Nicht auf direktem Weg gelangt der Ich-Erzähler in „Rosablanche“ zum Ziel, nämlich zum Gipfel (3336 m) gleichen Namens in den westlichen Walliser Alpen, mit einer Übernachtung im Refuge-Igloo des Pantalons Blancs (3280 m). Die Höhenzahlen sind wichtig in dieser 2018 in den Éditions des sauvages erstmals erschienen Erzählung des Waadtländer Grafikdesigners Matias Jolliet; sie gliedern den Text, der zwischen alpinistischem Jargon und alpinem Pathos hin und her schwankt wie der Erzähler unter dem Gewicht seines übervollen Rucksacks und unter seiner Unerfahrenheit im Gebirge. Zu lesen selbstverständlich in dieser Biwakschachtel, die einem Iglu oder einer Jurte gleicht, oder in einer der fünf Hütte rund um die Rosablanche. Reservieren nicht vergessen, dort wo es möglich ist!

«Den Weg zurück ins Tal nahm ich dem Bach entlang. Da und dort wasserhelle Tiefe, dann wieder trotziges, talwärts stürzendes Schäumen. Die Sonne schien, es war schwül.»

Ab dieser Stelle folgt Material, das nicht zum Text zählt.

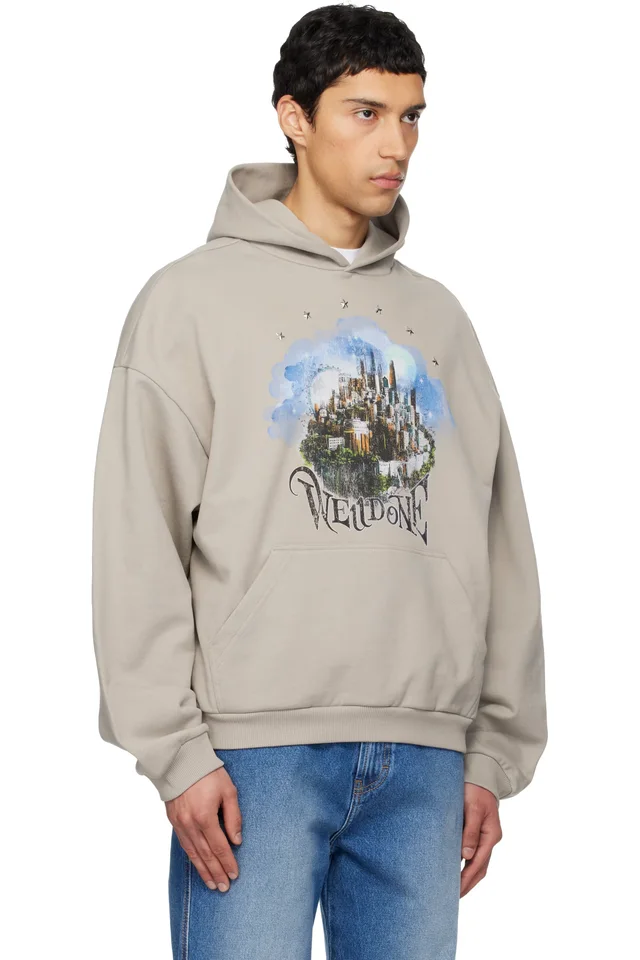 We11done Gray City Hoodie, photo 2 of 4 from SSENSE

Ob der Weg markiert ist, verrät uns Lisa Elsässer in ihrem gut 100-seitigen, stimmungsgenauen Werk „Im Tal“ nicht. Ist ja auch nicht wichtig: Entlang einem Bach kommen wir meistens zurück in die Niederungen. Eigentlich möchte die Frau – im ersten Teil des Buches ein Ich, im zweiten eine Sie – in der Hütten oben im Seitental bleiben, zu sich kommen, Brief an Karl und Leo schreiben, in den Bergsee tauchen. Und vor allem die Gesellschaft des Bauern geniessen, der ihr die Hütte vermietet hat und der sie zuweilen besuchen kommt. Gehen oder bleiben – eine Frage, die sich dann stellt, wenn die Flasche Wein leer ist. Schön wäre es jetzt, bei dieser Mordshitze, in eine solche Bleibe hinaufzugehen und sich in einem Bergsee oder -bach abzukühlen, am besten im Urnerland, denn von dort kommt die Autorin. Wie wär’s mit dem Gasthaus Alpenblick am Arnisee? Oder – der Name sagt es ja – mit der Bergseehütte über dem Göscheneralpsee? Der Roman passt locker noch in den Rucksack.

«Ausgerechnet du willst nach Schweden. Gibt es da überhaupt Berge? Bleib lieber im Tal und schau, dass es so bleibt und nicht durch diese Straße verschandelt wird.»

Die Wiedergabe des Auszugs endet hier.